Any of my Medge covers is what I use the most when I am taking Tyrella out of the house, traveling cross-country or just to my Mom's house in my purse in the car.  I use the Strangedog covers for reading in the house, in bed, in the living room, the bathroom, etc.    My Oberon cover is used when I want to hold her in something that is just lovely, and that holds her comfortably.  But the Medge covers are the ones that are the most reliable when it comes to protecting her from being hurt while we are traveling anywhere.


----------



## BurBunny

ricky said:


> Any of my Medge covers is what I use the most when I am taking Tyrella out of the house, traveling cross-country or just to my Mom's house in my purse in the car. I use the Strangedog covers for reading in the house, in bed, in the living room, the bathroom, etc.  My Oberon cover is used when I want to hold her in something that is just lovely, and that holds her comfortably. But the Medge covers are the ones that are the most reliable when it comes to protecting her from being hurt while we are traveling anywhere.

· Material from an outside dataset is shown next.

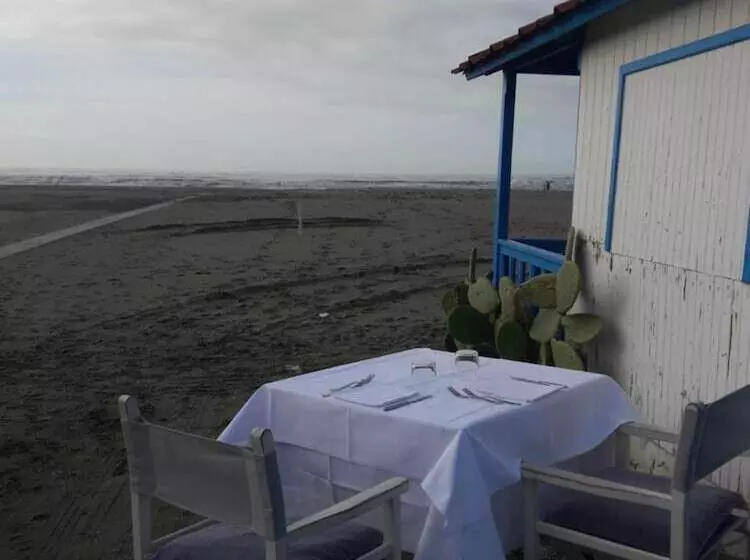 Art Hotel Pietrasanta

Just wondering why you feel the Medge are more protective than the Oberon?


----------



## MarthaT

this makes it really easy to shop for accessories, thanks


----------



## kevindorsey

I'm going to get myself an Oberon.  Mine is getting scratched up


----------



## MarthaT

your not the first person to mention that the oberon gets scratched up, is this a common problem?


----------



## Rivery

I did go ahead and order the Waterfield Large Slipcase.  I just received notification that it has shipped.  I'll let you know what I think when I receive it.


----------



## Kind

Rivery said:


> I did go ahead and order the Waterfield Large Slipcase. I just received notification that it has shipped. I'll let you know what I think when I receive it.


You'll receive it in no time.


----------



## Rivery

Kind said:


> You'll receive it in no time.


I'm trying to be positive, but they had an issue with my address and of course I selected slow boat shipping.


----------



## happyblob

For me it does take about a week on average, sometimes a little more, but never less.


----------



## Rivery

Well I received my Waterfield K2Large Slip case last night.  It is exactly what I was looking for.  It fits the Kindle in the Amazon cover with room to spare (although I don't have one, I think the Oberon cover would fit well).  I use a small messenger bag for my "purse" and I throw all sorts of things in there.  I wanted some thing that would close to protect the Kindle from debris, also something with good padding to protect it from me tossing my bag around.  There is a open pocket on the back you could put the cord in.

It seems to be very well made, and I think it is nice and simple looking.


----------



## MarthaT

happyblob said:


> For me it does take about a week on average, sometimes a little more, but never less.


about how much time mine took


----------



## tylerdurden51

happyblob said:


> For me it does take about a week on average, sometimes a little more, but never less.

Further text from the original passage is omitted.